90 minut rozegrał m.in. Alan Uryga, który po powrocie do Białej Gwiazdy głównie pauzował z powodu urazów. W tym sezonie wystąpił tylko w trzech październikowych meczach z Górnikiem Zabrze, Śląskiem Wrocław i Wisłą Płock. Środkowy obrońca, który od dziecka jest bardzo związany z krakowskim klubem, w ostatnim spotkaniu przed przerwą reprezentacyjną z Pogonią Szczecin znalazł się na ławce, a w piątek wystąpił w meczu po raz pierwszy od 24 października. Jego umiejętności piłkarskie, a także duże oddanie Wiśle mogą jej wiele dać w kwietniowo-majowej batalii o pozostanie w najwyższej klasie rozgrywkowej.

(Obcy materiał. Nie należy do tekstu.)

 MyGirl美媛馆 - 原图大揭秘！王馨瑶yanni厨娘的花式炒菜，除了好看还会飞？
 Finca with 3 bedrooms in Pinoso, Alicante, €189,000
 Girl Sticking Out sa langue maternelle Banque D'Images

Trener Brzęczek w sparingu z Puszczą sprawdził przede wszystkim zawodników, którzy ostatnio nie mieli wielu okazji do gry, m.in. Pawła Kieszka, Serafina Szotę, Macieja Sadloka, Sebastiana Ringa, Michala Skvarkę i Jana Klimenta. Ten ostatni, bardzo zawodzący napastnik, strzelił nawet gola w drugiej połowie. To duże wydarzenie, ponieważ Czech jest jednym z symboli nieudolnie zbudowanej kadry Wisły. Na trafienie w meczu o stawkę lub sparingu czekał od rywalizacji z Widzewem Łódź w Pucharze Polski. Było to na początku grudnia, a wcześniej też nie imponował skutecznością.

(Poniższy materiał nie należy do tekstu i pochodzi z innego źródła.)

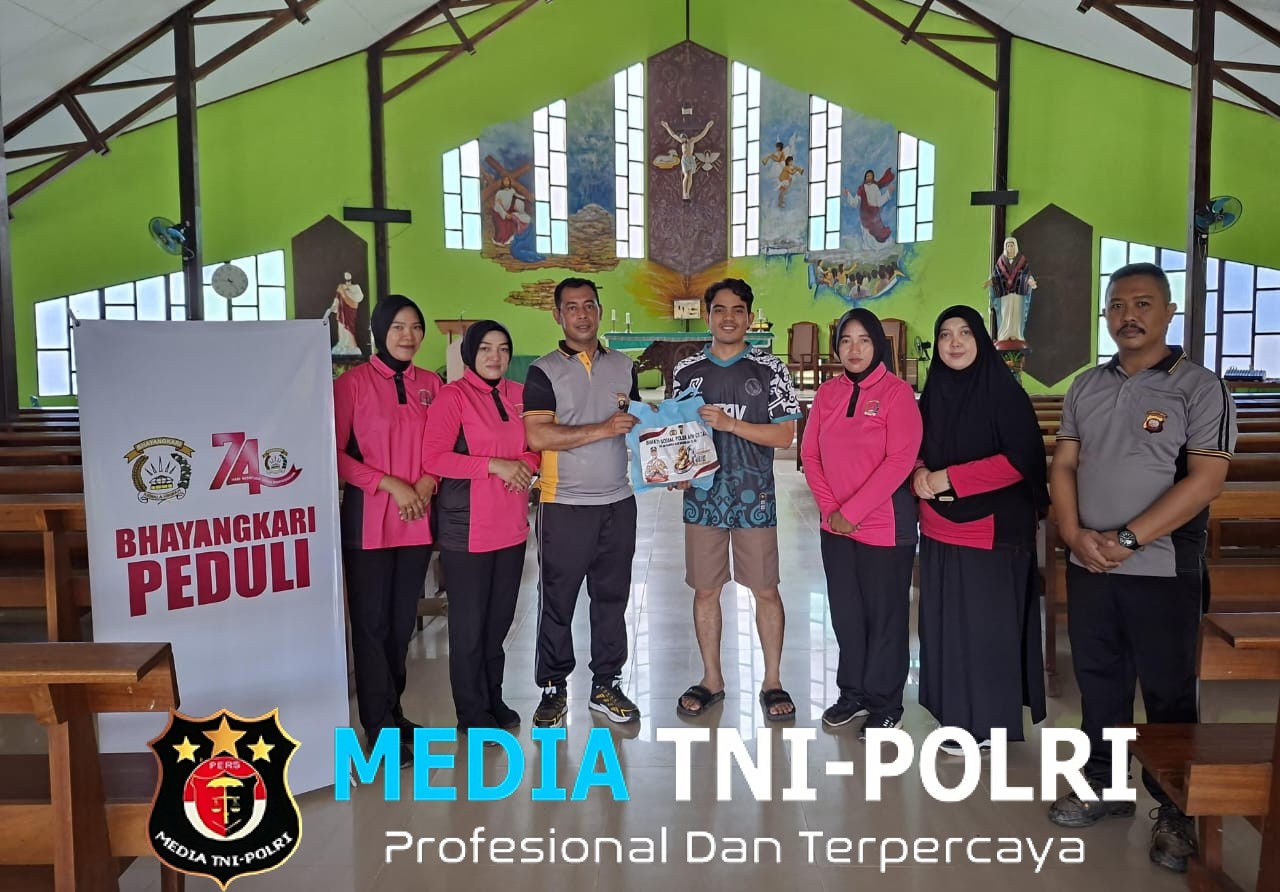 Sambut HUT Bhayangkara ke-80, Polsek Air Besar Gelar Bhakti Religi dan Salurkan Bantuan di Gereja Serimbu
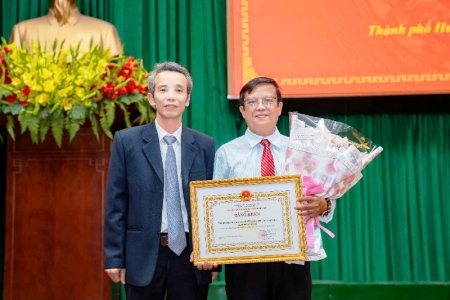 Kỷ niệm 100 năm Ngày Báo chí - Văn phòng đại diện Tạp chí Thương hiệu và Công luận tại Huế được tặng Bằng khen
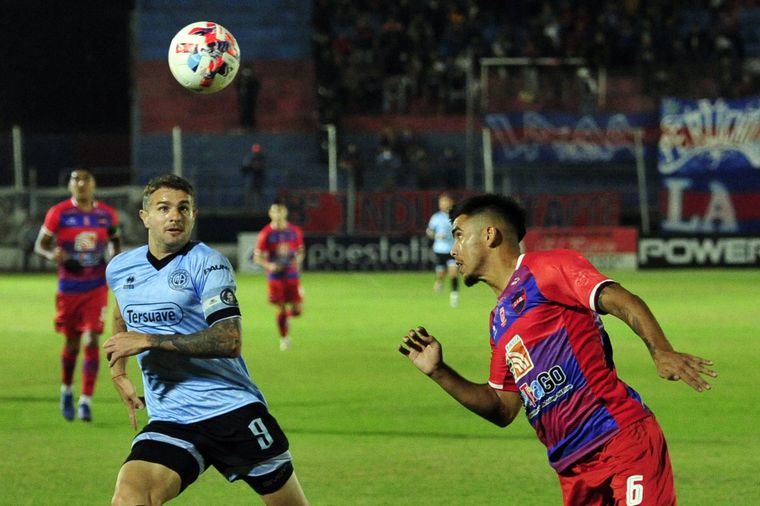 Goleador y figura. Pablo Vegetti marcó el único tanto del encuentro en Santiago.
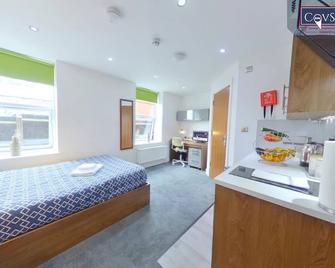 Victoria House - Deluxe Studios In Coventry City Centre, Free Parking, By Covstays - Coventry - Bedroom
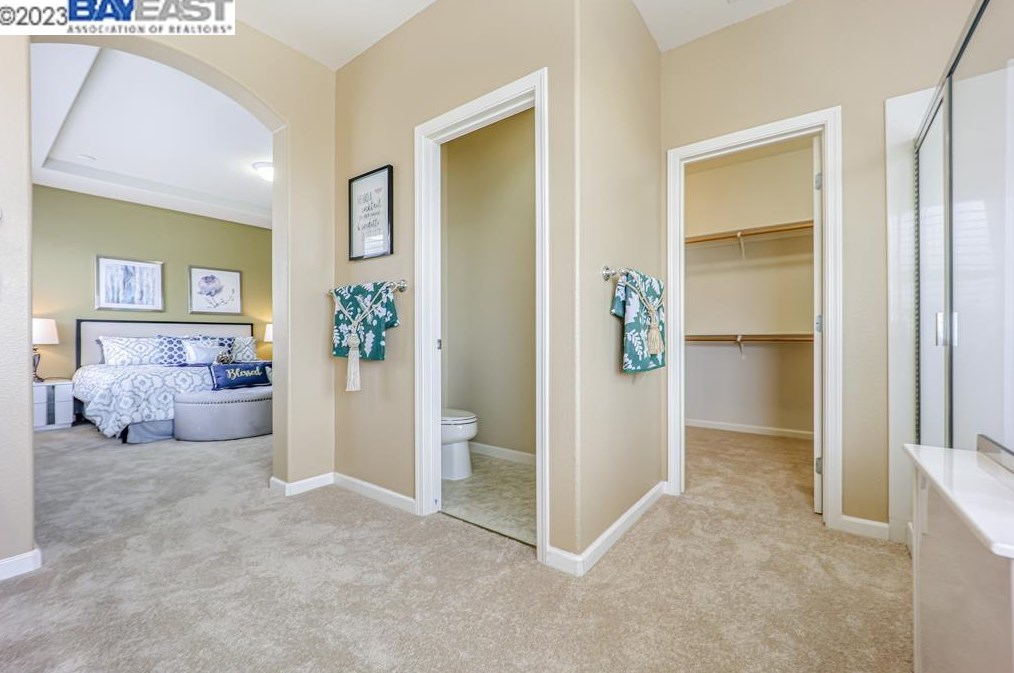 233 Tanglewood Dr, Richmond CA  94806-5815 exterior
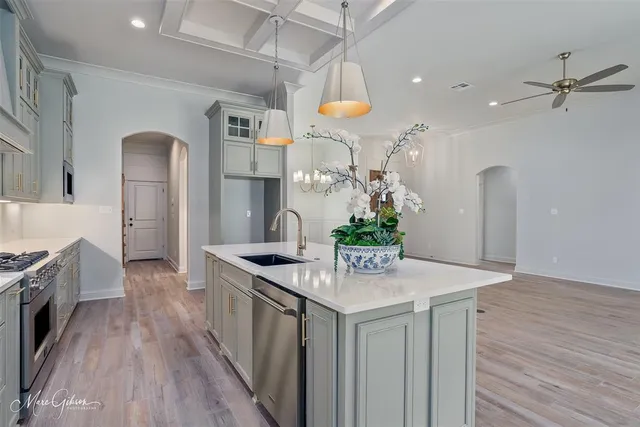 $487,900 | 807 Walstonburg Lane, Benton, LA 71006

Pozostałe gole dla krakowian dołożyli Dor Hugi, Elivs Manu (pierwszw bramka po zakontraktowaniu), Luis Fernandez i Zdenek Ondraszek.

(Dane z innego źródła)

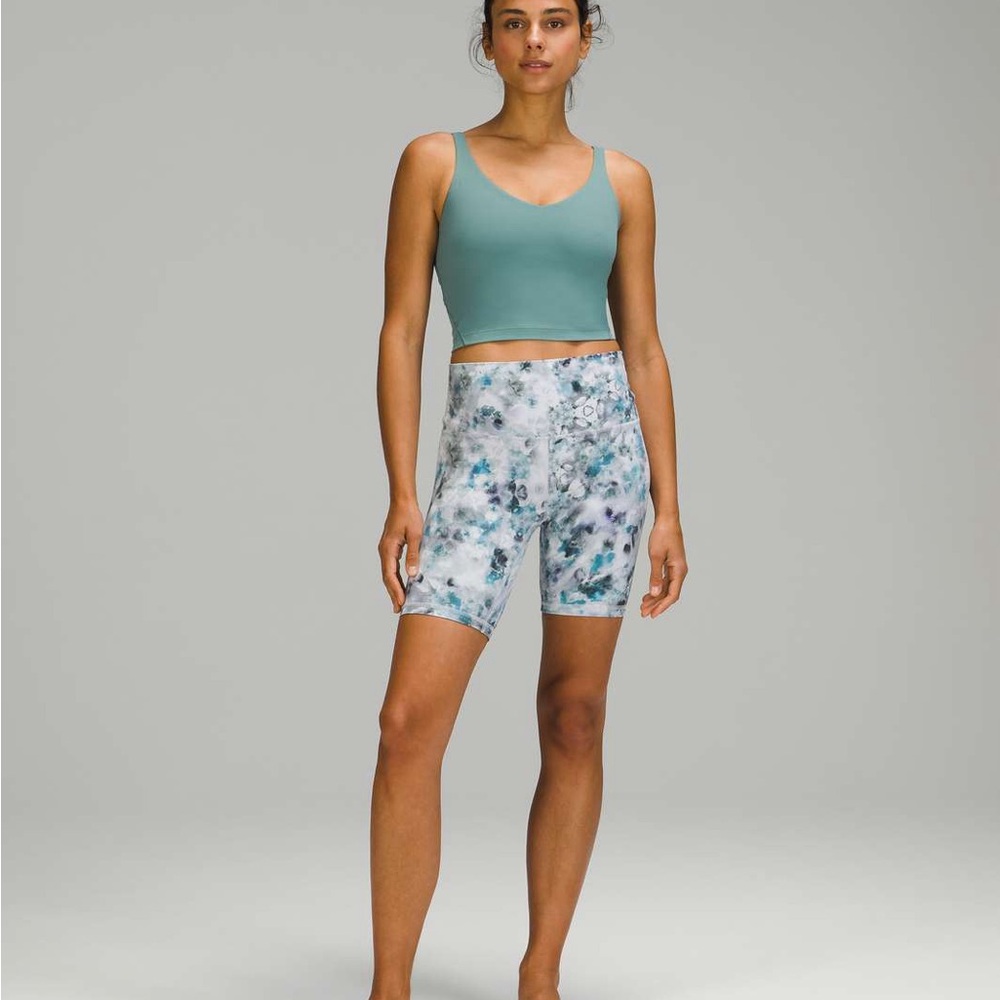 Lululemon Align Short 8"
Kaleidofloral Multi, Size 6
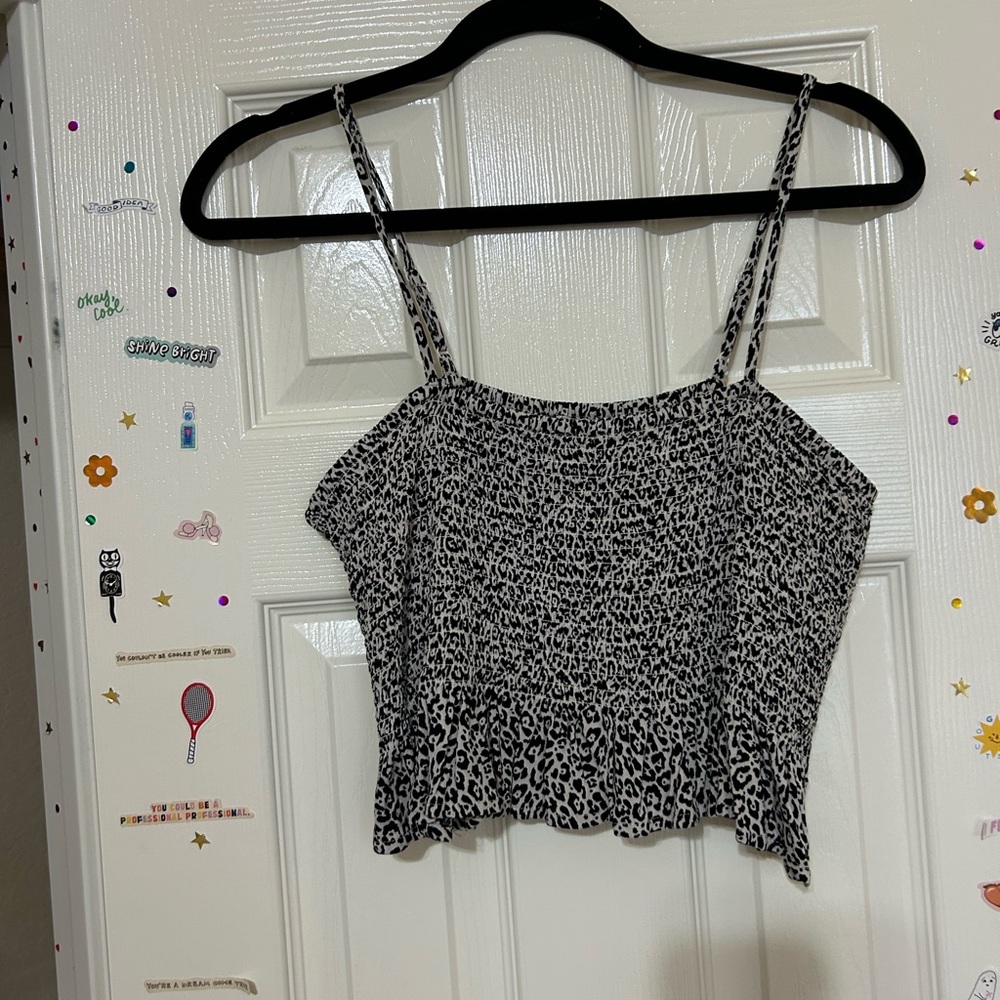 American Eagle Outfitters Black and White Fitted Crop Camisole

Przed Wisłą teraz osiem meczów o życie. By uniknąć spadku do I ligi musi zacząć seryjnie wygrywać, a z tym jest w obecnym sezonie bardzo duży problem – drużyna zwyciężyła tylko w sześciu meczach, w tym zaledwie raz udało się jej zdobyć trzy punkty w dwóch kolejnych spotkaniach. Po przerwie na reprezentację 13-krotnie mistrzowie Polski w dwie kolejne niedziele podejmą przy Reymonta rywali z Górnego Śląska – 3 kwietnia będą walczyć z Piastem Gliwice, a 10 – z Górnikiem Zabrze.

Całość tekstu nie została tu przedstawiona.